In the film, bulldozers continually rumble on the horizon, rolling toward the communities in an ominous overture. When they arrive and begin tearing apart homes in front of the families that live in them, a chaotic choreography ensues in which mothers, fathers, and children scramble to rescue a few belongings before all is lost. Watching as Laguna’s body rolled toward the UN, it seemed as if the police perceived her as a threat equal to those bulldozers. I wondered if they could still think of her that way if they had seen the film or had experienced a similar, dehumanizing action waged against them. Or perhaps they had, and the lack of rational proportion in their response could be blamed on cycles of trauma perpetuating themselves.
Right now, so many dance artists are trying to combat the senseless violence and dissonance of this moment in time with the beauty inherent in our art form. Several times in the last six months, experiences of dance in the theater have buoyed me with their bold, artistic expressions of humanity and love and joy in the face of so much misanthropy and fear. I have been grateful for every one of them, including most recently the hair raising solos, “Immigrant” and “Revolt,” that Virginie Mécène recreated for Martha Graham Dance Company in April, with incisive performances from Xin Ying and Leslie Williams.

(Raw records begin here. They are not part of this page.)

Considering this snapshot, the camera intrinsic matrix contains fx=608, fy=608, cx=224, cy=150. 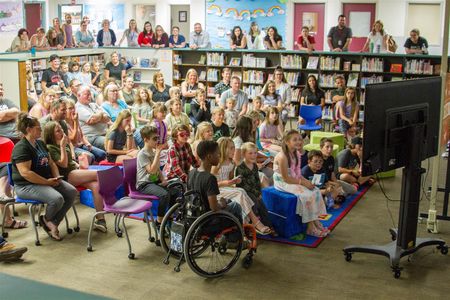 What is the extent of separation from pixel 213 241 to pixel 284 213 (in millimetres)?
1223

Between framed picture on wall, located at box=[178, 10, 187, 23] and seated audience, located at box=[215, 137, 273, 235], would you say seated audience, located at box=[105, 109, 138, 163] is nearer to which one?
seated audience, located at box=[215, 137, 273, 235]

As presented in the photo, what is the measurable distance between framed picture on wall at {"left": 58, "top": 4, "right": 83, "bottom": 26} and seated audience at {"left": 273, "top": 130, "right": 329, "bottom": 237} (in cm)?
1566

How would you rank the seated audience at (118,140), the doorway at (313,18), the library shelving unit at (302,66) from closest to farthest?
the seated audience at (118,140) < the library shelving unit at (302,66) < the doorway at (313,18)

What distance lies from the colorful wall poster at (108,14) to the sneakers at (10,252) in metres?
15.0

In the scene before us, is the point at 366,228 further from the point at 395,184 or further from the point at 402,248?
the point at 395,184

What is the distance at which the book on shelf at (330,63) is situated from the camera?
13.8m

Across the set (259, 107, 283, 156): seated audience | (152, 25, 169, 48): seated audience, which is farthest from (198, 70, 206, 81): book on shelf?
(259, 107, 283, 156): seated audience

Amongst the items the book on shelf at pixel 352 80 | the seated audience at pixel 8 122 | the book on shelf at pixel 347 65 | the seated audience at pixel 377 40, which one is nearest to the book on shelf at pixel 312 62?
the book on shelf at pixel 347 65

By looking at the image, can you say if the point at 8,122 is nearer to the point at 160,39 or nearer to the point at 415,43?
the point at 160,39

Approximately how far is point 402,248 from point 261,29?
→ 12776mm

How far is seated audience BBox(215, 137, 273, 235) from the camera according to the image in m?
6.13

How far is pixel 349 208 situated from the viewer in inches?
302

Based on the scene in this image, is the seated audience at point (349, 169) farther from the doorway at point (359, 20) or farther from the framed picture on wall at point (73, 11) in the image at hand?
the framed picture on wall at point (73, 11)

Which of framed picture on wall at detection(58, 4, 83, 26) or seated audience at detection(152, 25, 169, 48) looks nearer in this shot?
seated audience at detection(152, 25, 169, 48) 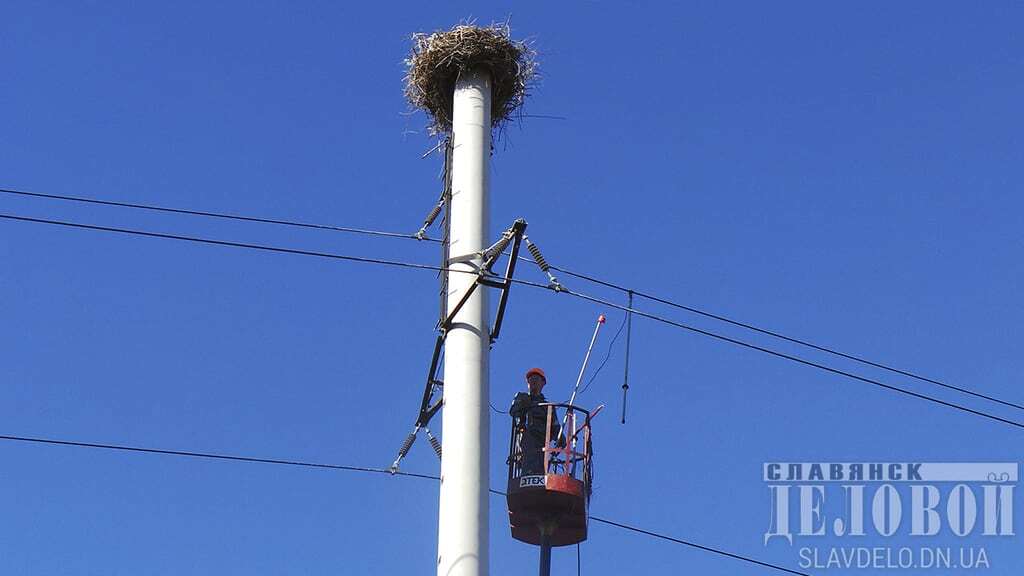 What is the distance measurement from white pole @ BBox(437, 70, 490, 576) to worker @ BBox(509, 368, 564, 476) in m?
2.65

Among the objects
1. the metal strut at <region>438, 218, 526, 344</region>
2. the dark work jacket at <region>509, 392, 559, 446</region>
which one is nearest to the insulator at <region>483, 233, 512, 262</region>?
the metal strut at <region>438, 218, 526, 344</region>

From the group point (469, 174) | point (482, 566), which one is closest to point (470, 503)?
point (482, 566)

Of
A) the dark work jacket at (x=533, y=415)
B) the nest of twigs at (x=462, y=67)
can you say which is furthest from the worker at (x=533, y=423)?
the nest of twigs at (x=462, y=67)

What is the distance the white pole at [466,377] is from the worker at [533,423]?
8.70 ft

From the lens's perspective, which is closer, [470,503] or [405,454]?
[470,503]

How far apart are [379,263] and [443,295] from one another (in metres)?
1.44

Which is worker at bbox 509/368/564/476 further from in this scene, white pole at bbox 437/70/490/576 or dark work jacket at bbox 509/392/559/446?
white pole at bbox 437/70/490/576

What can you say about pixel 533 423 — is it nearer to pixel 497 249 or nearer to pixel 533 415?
pixel 533 415

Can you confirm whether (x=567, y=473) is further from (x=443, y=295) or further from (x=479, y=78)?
(x=479, y=78)

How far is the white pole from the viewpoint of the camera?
404 inches

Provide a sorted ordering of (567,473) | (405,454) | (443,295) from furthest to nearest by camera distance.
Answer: (567,473) → (405,454) → (443,295)

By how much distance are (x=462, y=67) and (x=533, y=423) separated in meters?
3.22

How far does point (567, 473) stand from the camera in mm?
13383

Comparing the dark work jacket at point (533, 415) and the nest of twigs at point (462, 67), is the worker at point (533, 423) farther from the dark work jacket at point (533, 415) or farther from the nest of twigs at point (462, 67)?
the nest of twigs at point (462, 67) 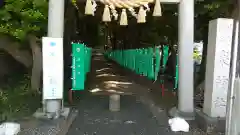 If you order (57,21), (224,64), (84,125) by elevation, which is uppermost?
(57,21)

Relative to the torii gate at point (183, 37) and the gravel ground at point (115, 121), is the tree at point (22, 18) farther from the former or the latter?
the gravel ground at point (115, 121)

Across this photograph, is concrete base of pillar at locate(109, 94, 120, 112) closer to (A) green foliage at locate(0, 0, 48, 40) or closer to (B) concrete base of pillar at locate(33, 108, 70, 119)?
(B) concrete base of pillar at locate(33, 108, 70, 119)

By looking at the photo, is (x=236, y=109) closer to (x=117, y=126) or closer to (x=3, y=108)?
(x=117, y=126)

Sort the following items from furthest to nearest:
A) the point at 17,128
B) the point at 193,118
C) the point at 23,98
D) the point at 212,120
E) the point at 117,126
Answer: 1. the point at 23,98
2. the point at 193,118
3. the point at 117,126
4. the point at 212,120
5. the point at 17,128

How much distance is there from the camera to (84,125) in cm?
823

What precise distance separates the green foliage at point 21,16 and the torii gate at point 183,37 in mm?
1331

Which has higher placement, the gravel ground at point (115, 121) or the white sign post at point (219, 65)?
the white sign post at point (219, 65)

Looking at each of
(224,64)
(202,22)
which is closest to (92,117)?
(224,64)

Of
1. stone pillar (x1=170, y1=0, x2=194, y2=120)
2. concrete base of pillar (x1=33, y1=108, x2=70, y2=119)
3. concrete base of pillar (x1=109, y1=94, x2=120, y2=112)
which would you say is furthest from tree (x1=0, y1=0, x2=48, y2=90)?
stone pillar (x1=170, y1=0, x2=194, y2=120)

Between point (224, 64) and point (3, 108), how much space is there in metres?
6.89

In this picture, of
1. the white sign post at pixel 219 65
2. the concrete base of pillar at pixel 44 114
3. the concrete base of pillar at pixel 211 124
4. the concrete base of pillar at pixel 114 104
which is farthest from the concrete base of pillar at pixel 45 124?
the white sign post at pixel 219 65

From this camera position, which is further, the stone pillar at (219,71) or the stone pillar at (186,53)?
the stone pillar at (186,53)

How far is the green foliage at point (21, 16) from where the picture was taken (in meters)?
9.99

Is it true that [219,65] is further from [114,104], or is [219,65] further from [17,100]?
[17,100] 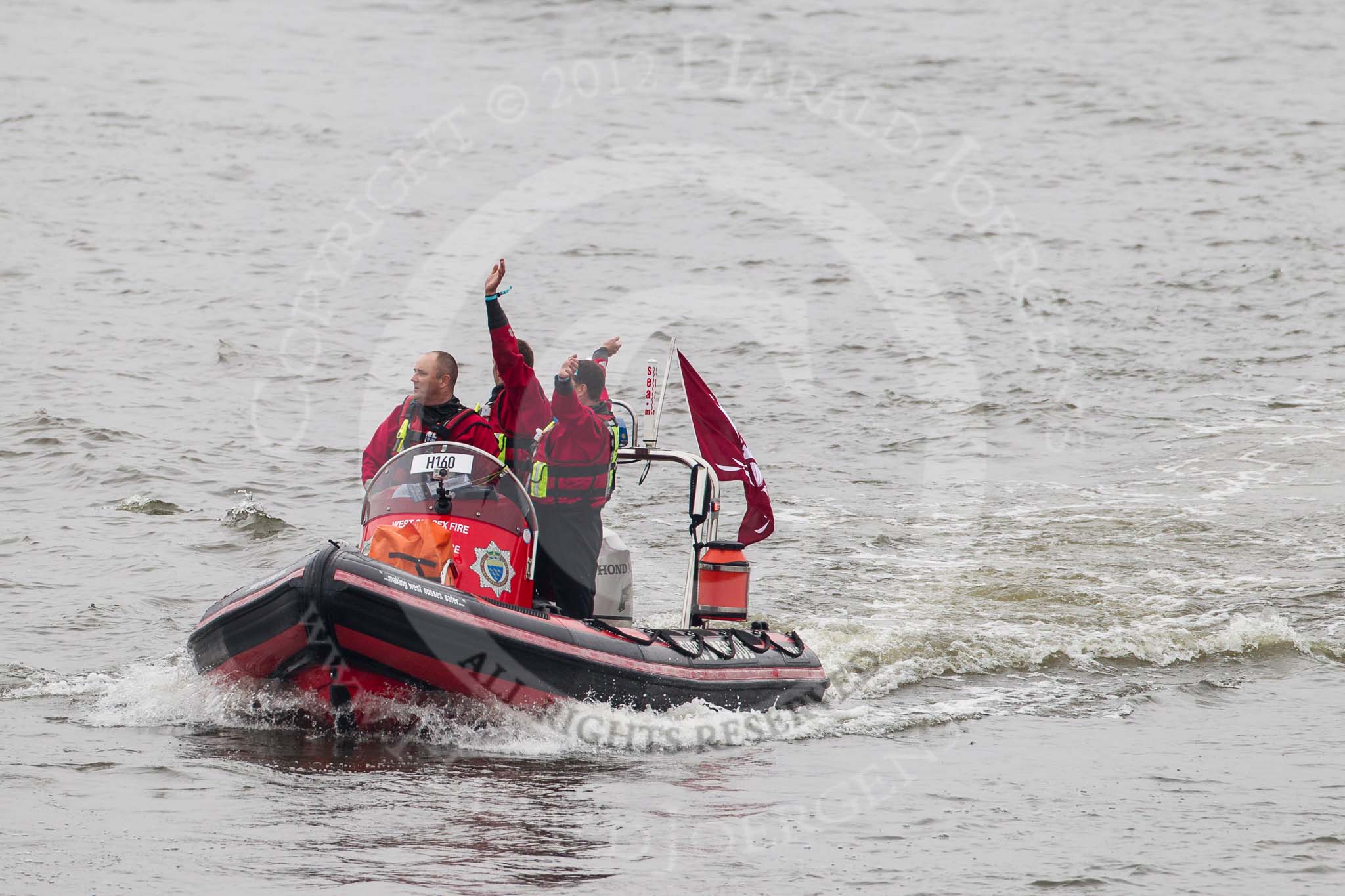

But in pushing outside the more comfortable constraints of the theater, and its often affluent, like-minded audience, “Rolling Piece,” took its embodied provocation out of the echo chamber and into lesser-known territory. Laguna’s audacity to put her body in the way of unchallenged authority and unquestioned order threw me a different kind of life vest that I am clinging to now: courage.
Given that the American president issued an executive order on policing last week, with the header, “STRENGTHENING AND UNLEASHING AMERICA’S LAW ENFORCEMENT TO PURSUE CRIMINALS AND PROTECT INNOCENT CITIZENS,” as well as this government’s record thus far for detaining, deporting, and otherwise seeking punitive harm to those protesting anything related to their agenda, Laguna’s performance has continued to speak to me.
In the end, no arrests were made during “Rolling Piece.” Instead, the police gave Laguna a warning after which she graciously thanked them, presumably for playing the unwitting part of “authority intervention,” in her work.
In her own words: “I got up. I walked down to the last flag, the Palestinian flag, and stated the credits of the performers and crew, and Lieutenant Gonzalez.”